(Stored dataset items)
+===+
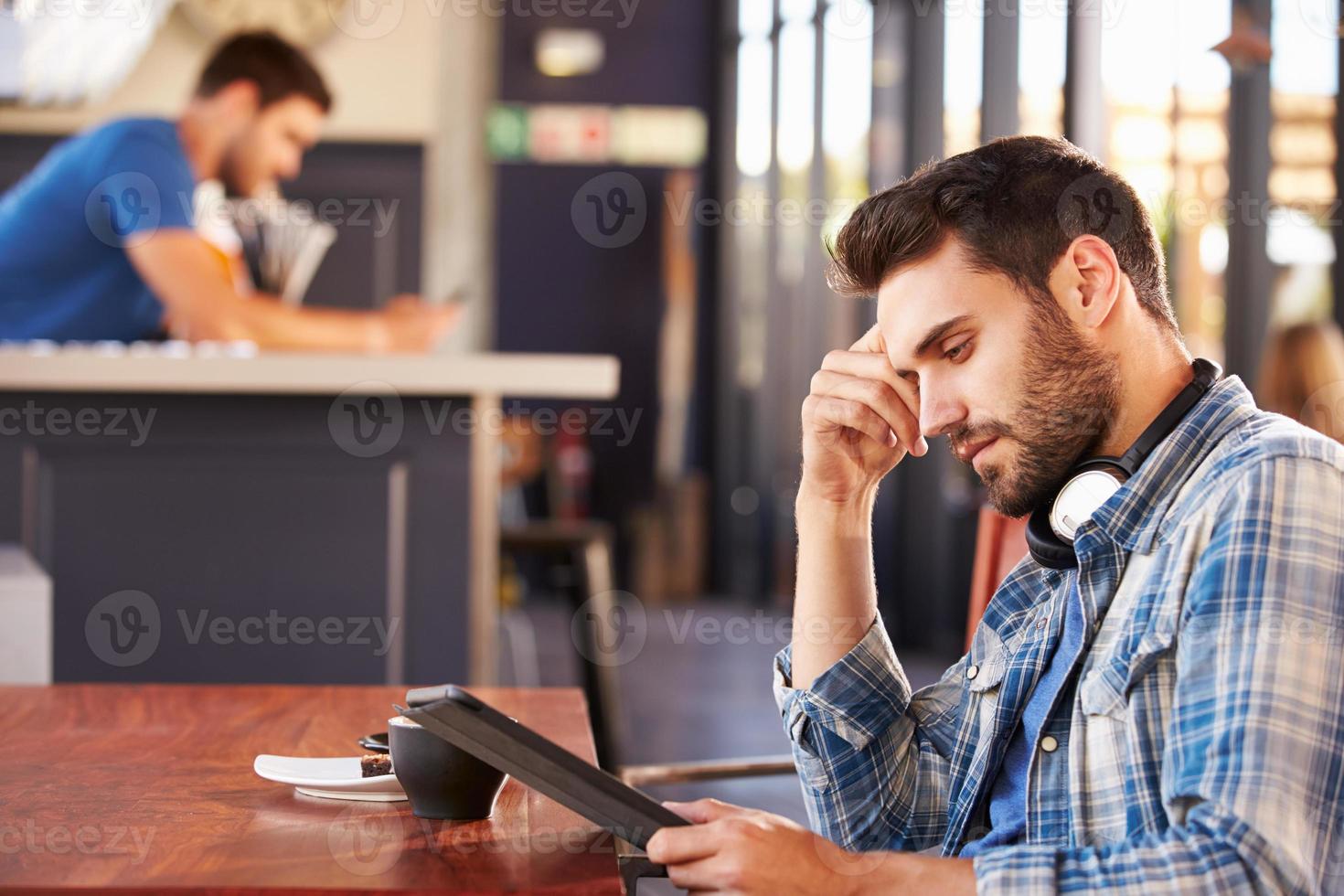 hombre usando tableta digital en una cafetería foto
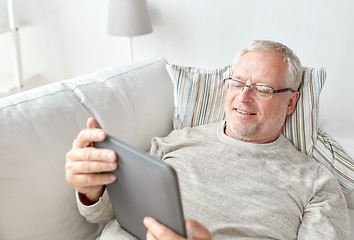 Image showing senior man with tablet pc lying on sofa at home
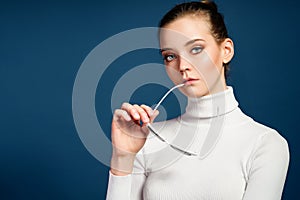 Portrait of a beautiful young girl in sunglasses on a blue background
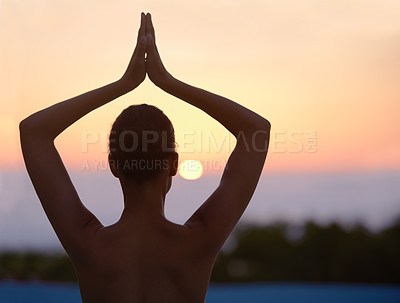 Buy stock photo Vrikshasana, yoga and woman meditate at sunset for healthy body, wellness and zen for mindfulness outdoor. Rear view, tree pose and person at twilight to relax, peace or calm to balance for exercise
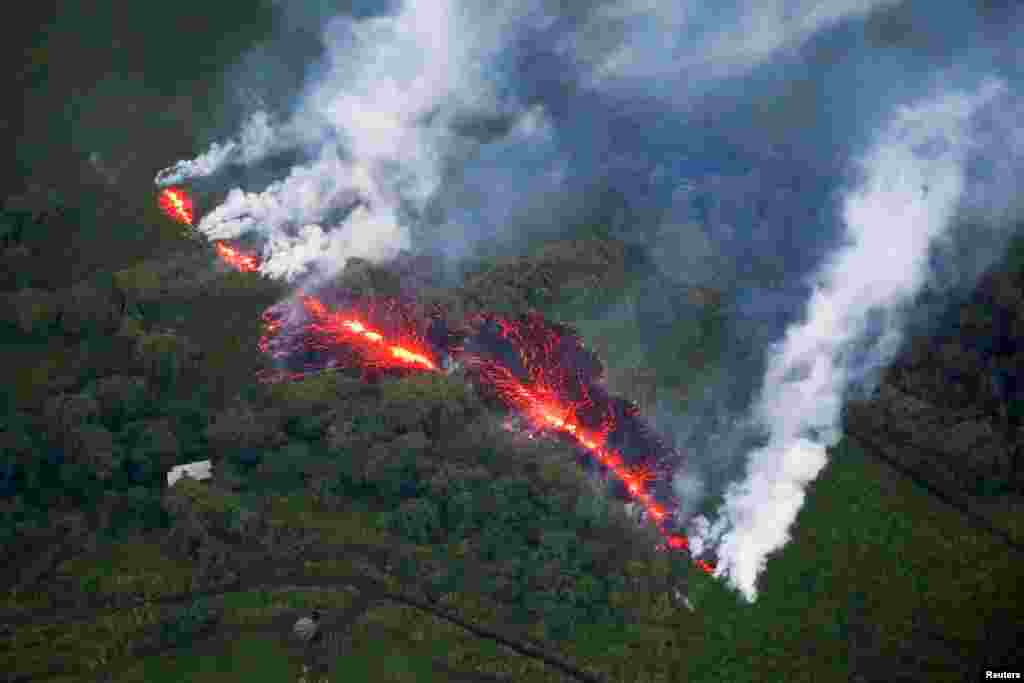 Lava comes out of a crack in the earth, east of the Leilani Estates neighborhood, during the ongoing eruption of the Kilauea Volcano in Hawaii, May 13, 2018.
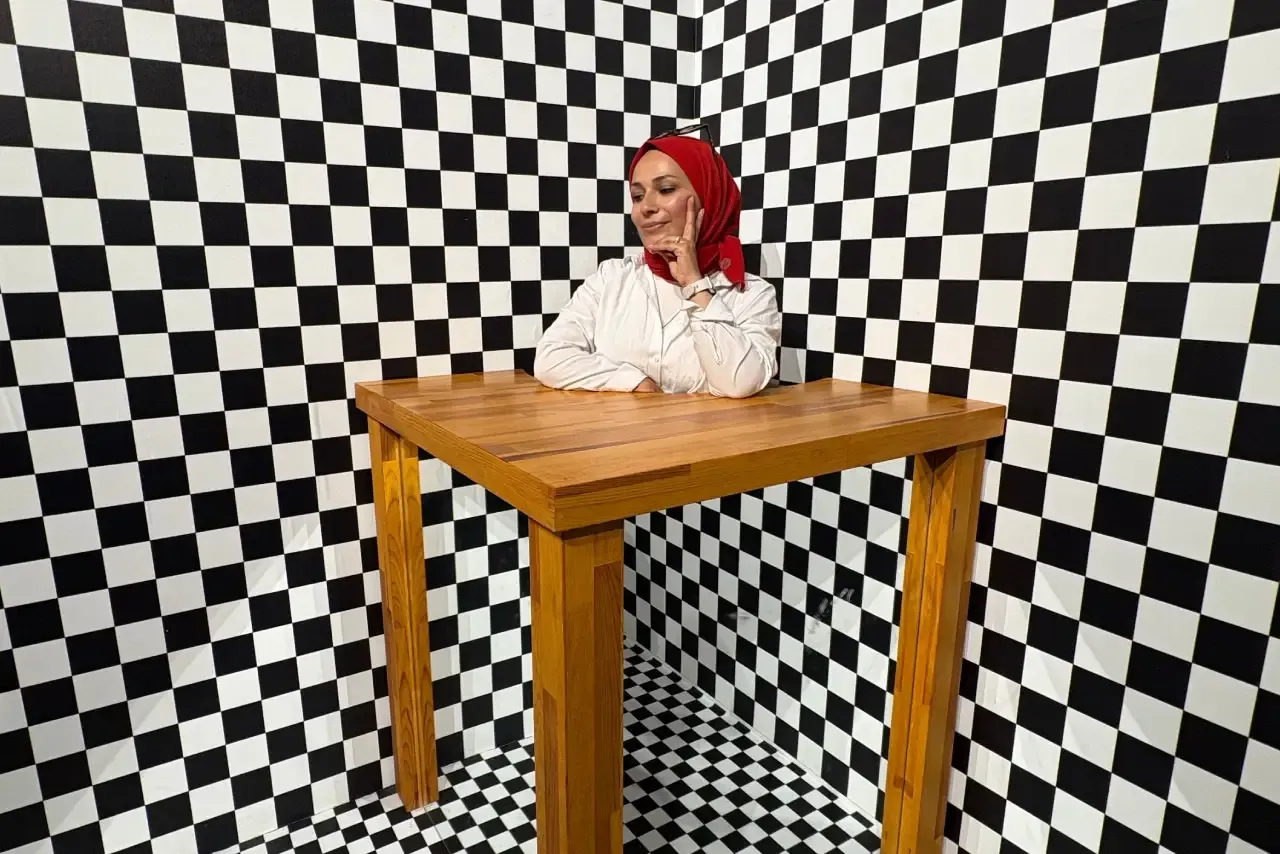 Woman in an illusion museum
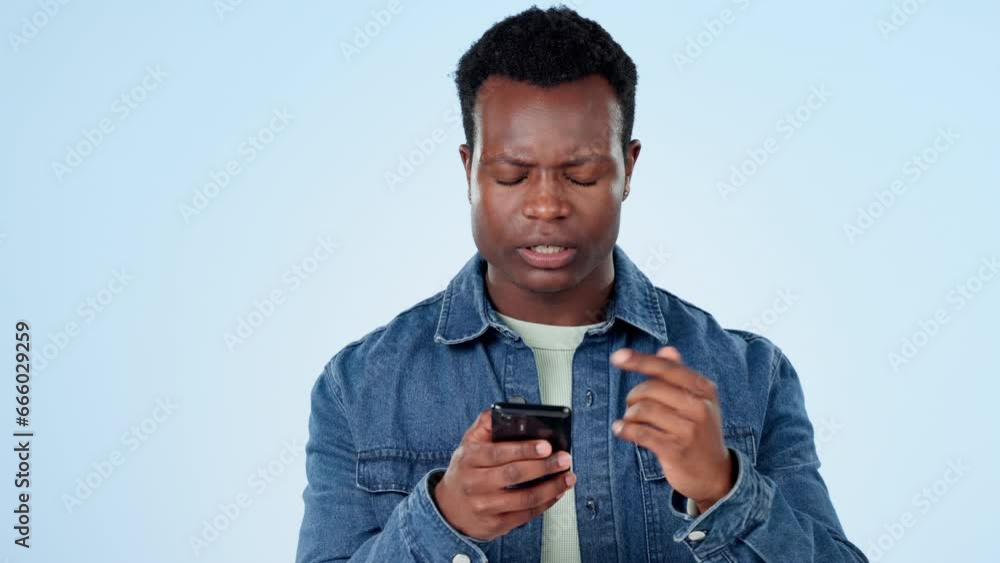 Poster black man in studio with phone and frustrated reading post, message or notification with connection 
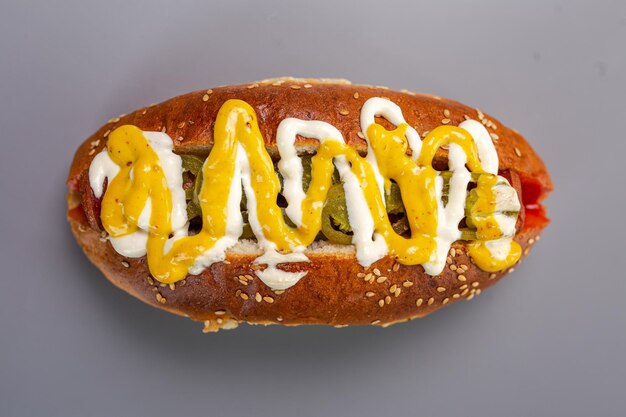 Hot dog sausage in a bun with sauces isolated on a gray background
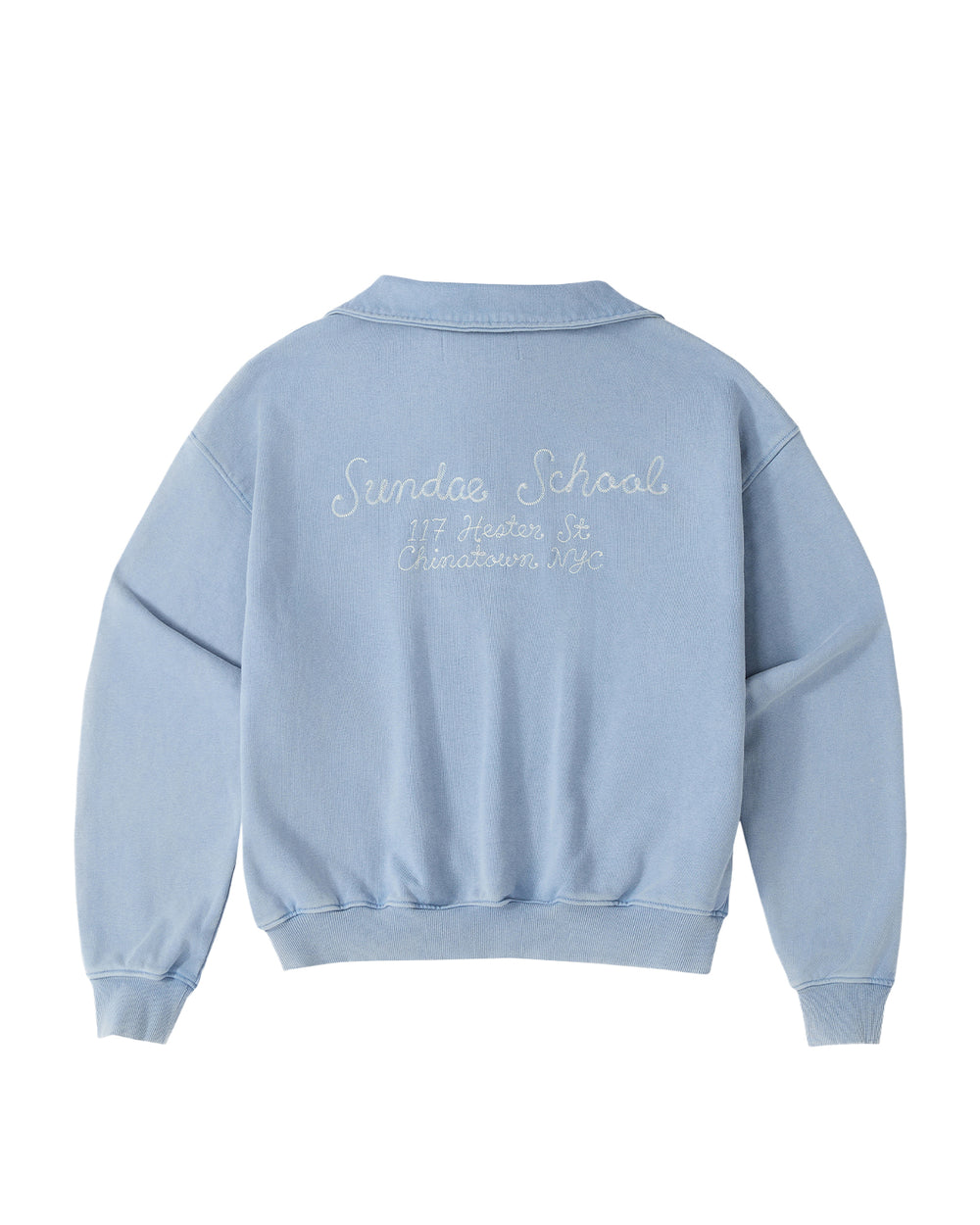 The SKY BLUE HESTER QUARTER ZIP by Sundae School is an oversized, vintage-inspired cotton pullover sweatshirt in light blue. It features a quarter zip with a funnel neck collar, long sleeves, ribbed cuffs and hem, and white embroidery on the back that reads “Sundae School, 117 Hester St, Chinatown NYC.”.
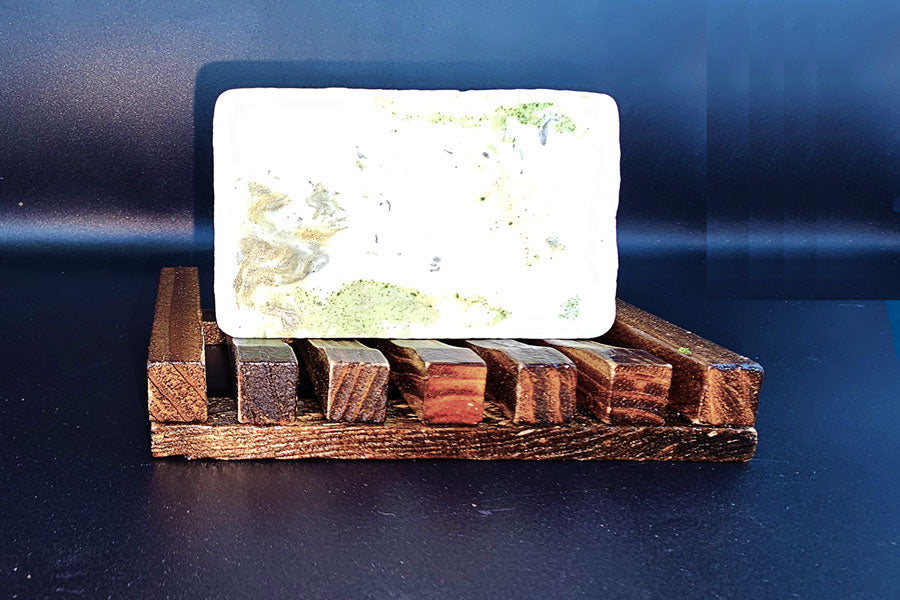 A Dirty Soap Open Air Bar Soap resting on a wooden soap dish with a black background.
+===+
■ **Required work**: Apart from the images, the entries above must be returned without alteration.

■ **Answer for this exercise**:
 hombre usando tableta digital en una cafetería foto
 Image showing senior man with tablet pc lying on sofa at home
 Portrait of a beautiful young girl in sunglasses on a blue background
 Buy stock photo Vrikshasana, yoga and woman meditate at sunset for healthy body, wellness and zen for mindfulness outdoor. Rear view, tree pose and person at twilight to relax, peace or calm to balance for exercise
 Lava comes out of a crack in the earth, east of the Leilani Estates neighborhood, during the ongoing eruption of the Kilauea Volcano in Hawaii, May 13, 2018.
 Woman in an illusion museum
 Poster black man in studio with phone and frustrated reading post, message or notification with connection 
 Hot dog sausage in a bun with sauces isolated on a gray background
 The SKY BLUE HESTER QUARTER ZIP by Sundae School is an oversized, vintage-inspired cotton pullover sweatshirt in light blue. It features a quarter zip with a funnel neck collar, long sleeves, ribbed cuffs and hem, and white embroidery on the back that reads “Sundae School, 117 Hester St, Chinatown NYC.”.
 A Dirty Soap Open Air Bar Soap resting on a wooden soap dish with a black background.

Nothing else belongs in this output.